**The task**
In the entries below, begin at the line with "Augustana College Campus" and stop after the line with "Image de Étui"; output those lines exactly and omit the pictures.

**Information shown**
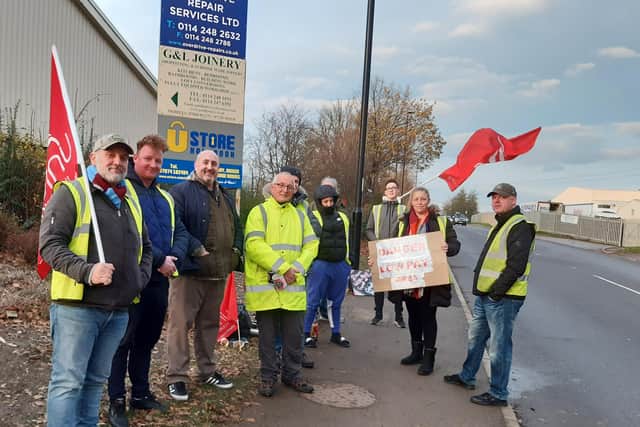 Striking Stagecoach bus drivers on the picket line at Holbrook, Sheffield. Drivers are voting on a pay offer.
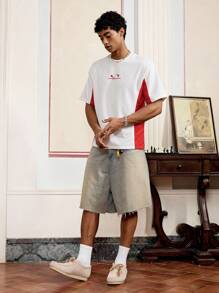 SWAVVY Men's Summer Letter Print Contrast Color Round Neck Short Sleeve Casual T-Shirt - Red and White - View 4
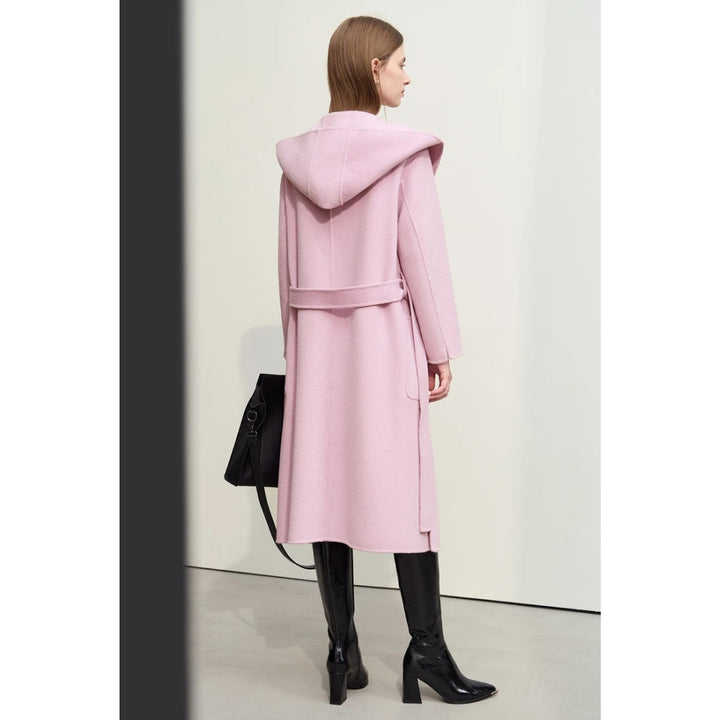 Autumn Women's Hooded Split Belt Long Wool Overcoat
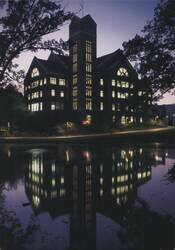 Augustana College Campus Library at Night Postcard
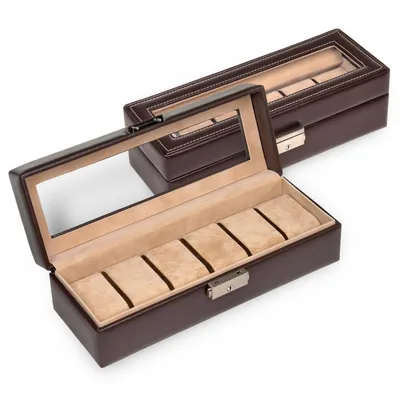 Image de Étui à montres Sacher NEW CLASSIC, simili cuir couleur moka, velours, 6 compartiments pour montres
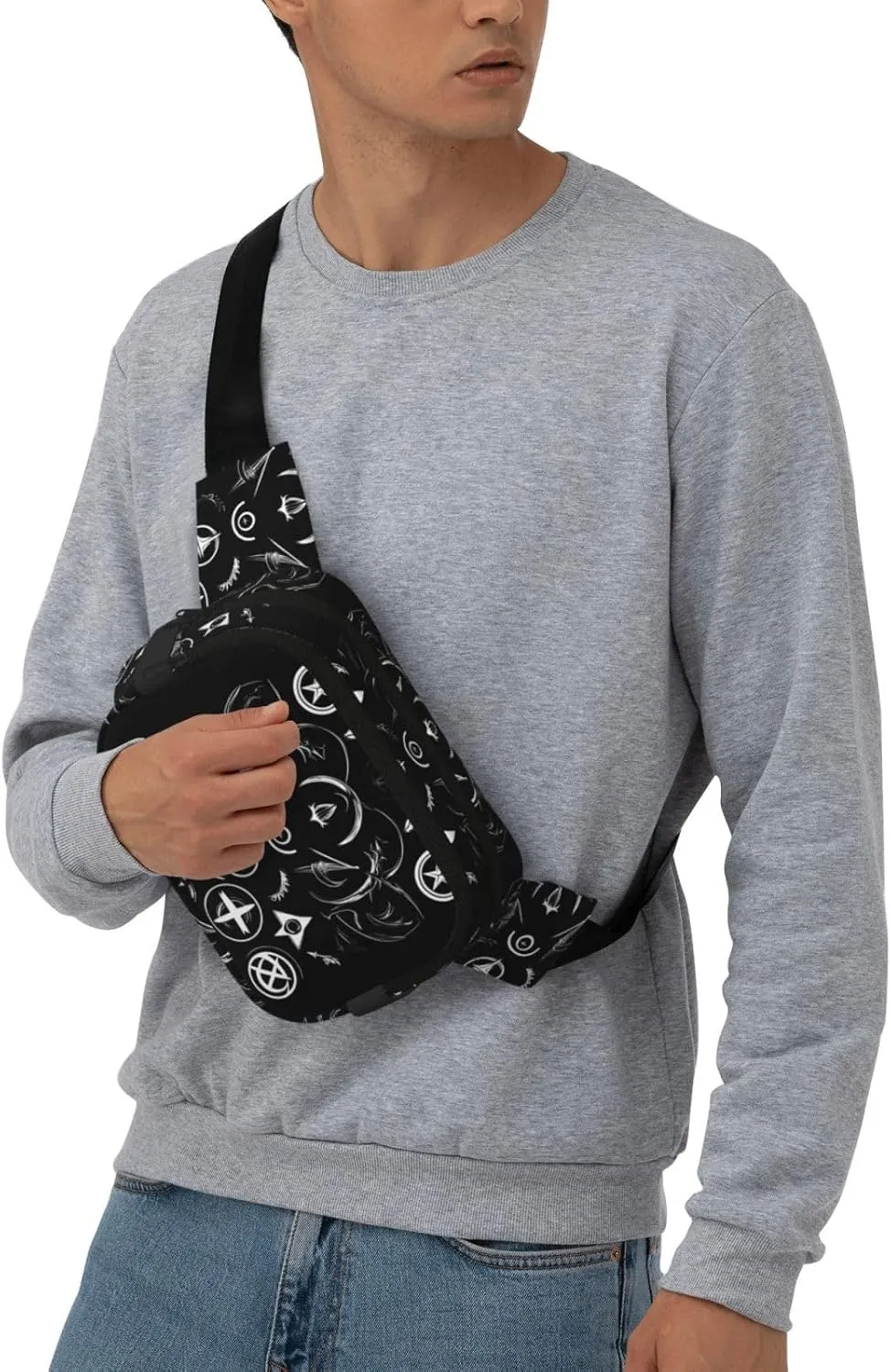 Supernatural Symbols Black Everywhere Belt Bag For Women Men, Zipper Pockets Crossbody Fanny For Hiking, Cycling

**Solution below**
 Augustana College Campus Library at Night Postcard
 Image de Étui à montres Sacher NEW CLASSIC, simili cuir couleur moka, velours, 6 compartiments pour montres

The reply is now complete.